Diese dataurl sollte deinem value in base64 encoded entsprechen. Ohne das getestet zu haben sollte der Webserver anhand dieser informationen eigentlich wieder deinen hex Wert decodieren können.
Wenn man jetzt das anstelle der "value" variable versendet... käme auf einen Versuch an.


----------



## Wiskat (24. Mai 2011)

@faetzminator: Also um die Heizungsanlage zu steuern, muss dem Gerät über einen HTTP-Request Hexwerte übergeben werden. Die benötigen Hexwerte errechne ich über einen Skript, sodass ich am Ende einen Hexstring, wie z.B. "380000000027001". Die ersten 2 Byte sind in diesem Fall die CommandID, danach folgen Temperaturwerte, Betriebsstatus usw. Sodass ich letztendlich einen 56Byte langen String erhalte.
Dieser String muss jetzt genau in dieser Form dem Gerät zugesendet werden. Der Hexwert wird aber als normaler ASCII Zeichensatz behandelt und dementsprechend erneut in Hexwerten umgewandelt, sodass das Gerät nichts mehr damit anfangen kann.
Daher meine Frage, wie ich die Werte direkt als Hexwerte übermitteln kann, ohne erneut codiert zu werden.

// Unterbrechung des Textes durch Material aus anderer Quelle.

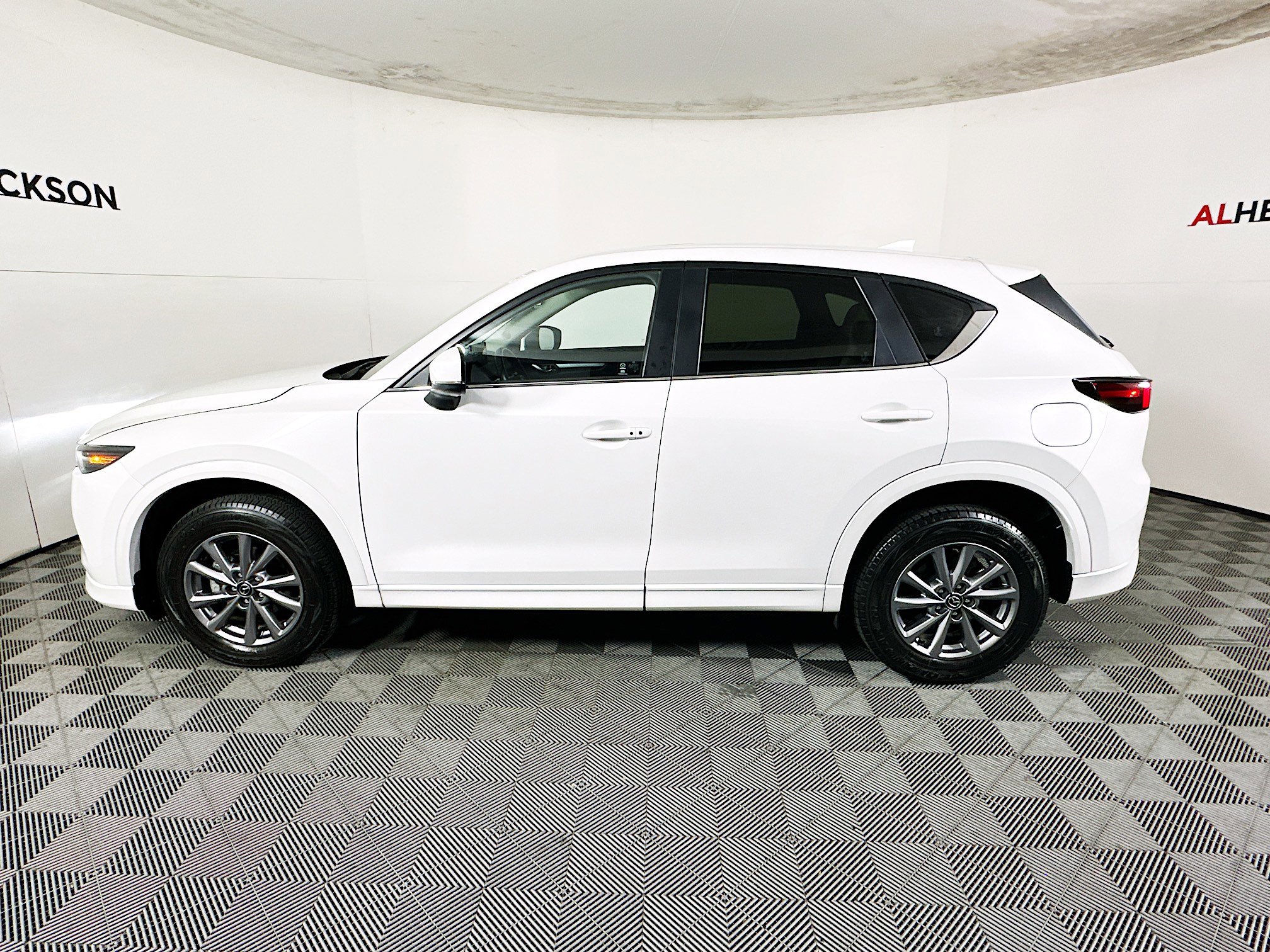 Used 2025 MAZDA CX-5 AWD 2.5 S w/ Preferred Package image 6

@MarderFahrer: Klappt leider nicht, Daten werden trotzdem nochmal codiert, sodass sie unbrauchbar werden.


@chalkbag: Ich hab es jetzt Ähnlich versucht. Ich geh einfach hin und übersetze meinen Hexwert eins-zu-eins in einem ASCII-Zeichensatz. Zum Beispiel den ersten Byte "38" ersetze ich durch "8". Beim codieren wird er nun in wieder in 38 im Header angezeigt. Eigentlich total easy, weshalb ich da noch nicht eher drauf gekommen bin :-/

Ein Problem bleibt jedoch bestehen: Wie kann ich als ASCII-Zeichen "NULL" darstellen? Ich hab es versucht indem ich einfach zwei Anführungszeichen sende --> ""
Leider ohne Erfolg, auch mit "unescape" hat es leider nicht funktioniert. Die anderen Werte kann ich alle über die Tastenkombi "ALT" + *** darstellen (z.B. 02h = ALT+002), nur bei "NULL" stellt der dementsprechend auch nichts dar.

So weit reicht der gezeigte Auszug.